The California Film Commission released its annual report on the progress of the state’s film and television tax credit program yesterday. Facing fierce competition from states with more generous tax credit programs, like Georgia, Louisiana and New York, California’s Senate is currently considering bill AB 1839 (the California Film and Television Job Retention and Promotion Act of 2014), which would greatly expand and extend the program.
Overall, the commission reported that since its inception in 2009, the $700 million awarded in tax credits has resulted in $5.49 billion in direct spending in the state, including an estimated $1.72 billion in qualified below-the-line wages, however, “Due to the limited availability of tax credits, the program is substantially oversubscribed and cannot meet demand. As a result, California continues to lose overall market share, and has in-effect forfeited certain types of productions.”
This year, the report includes data on projects that applied to the program but were denied due to insufficient availability of tax credits. Of those projects that were subsequently produced, a small minority elected to shoot in California without benefit of the program. Instead, the overwhelming majority of projects denied for California tax credits opted to shoot outside the state in jurisdictions where tax credits are available. From 2010-2014, such runaway projects accounted for nearly $2 billion in production spending outside California.
In terms of big-budget feature films, the commission found that of the 30 tent-pole ($75 million+) films released in 2013, only two were filmed primarily in California.

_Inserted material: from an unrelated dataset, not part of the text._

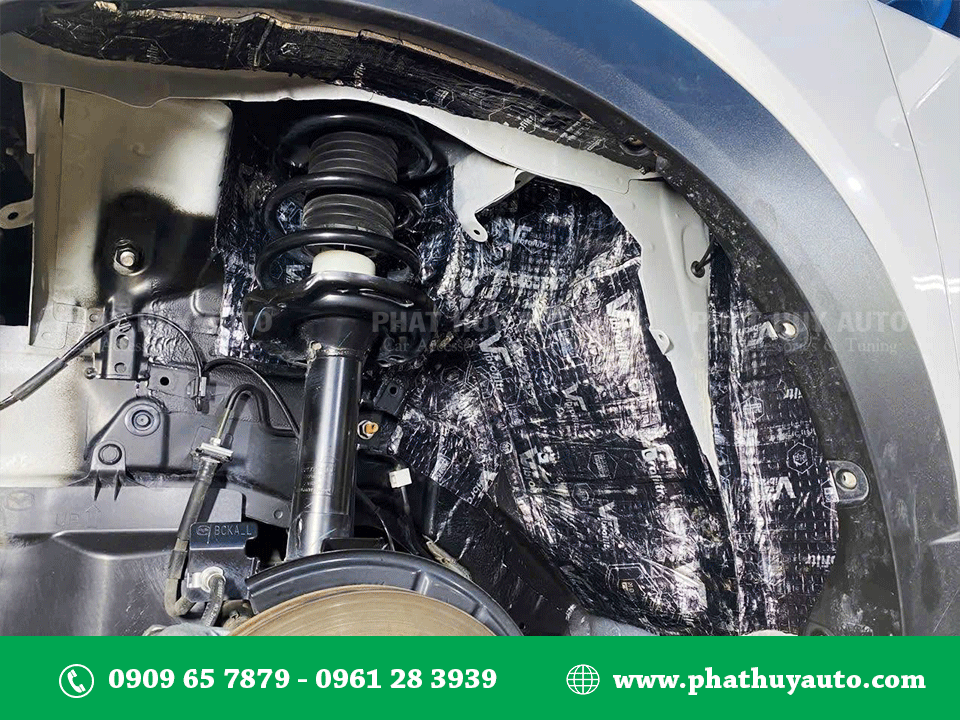 Cách âm hốc bánh Mazda CX30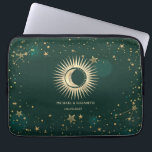 Celestial Guld Sol och Måne Stars Grönt Laptop Fodral<br><div class="desc">Celestial guld sol och måne och stjärnor på gröntens bakgrund.</div>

While scripted television drama series production has grown substantially in recent years, California has lost both production volume and market share. The number of one-hour TV series produced rose 73% overall from 2005 – 2013, yet the number of such shows produced in California hit a record nine-year low in 2013. California’s market share declined from 65% (51 out 79) of all one-hour TV series produced in 2005 to just 28% (39 out of 137) of all shows in 2013.
Since the launch of the program, six TV series have relocated to California from other states. Each year the CFC receives applications from many TV shows seeking to relocate; only those selected to receive a credit have actually moved to California.
The California Film Commission allocates up to $100 million in tax credits every year based on a lottery system. Bill AB 1839 would extend California’s tax incentive program for five years, and open it up to big-budget studio films, network TV shows and shows shot for online OTT distributors like Netflix, Amazon and Hulu.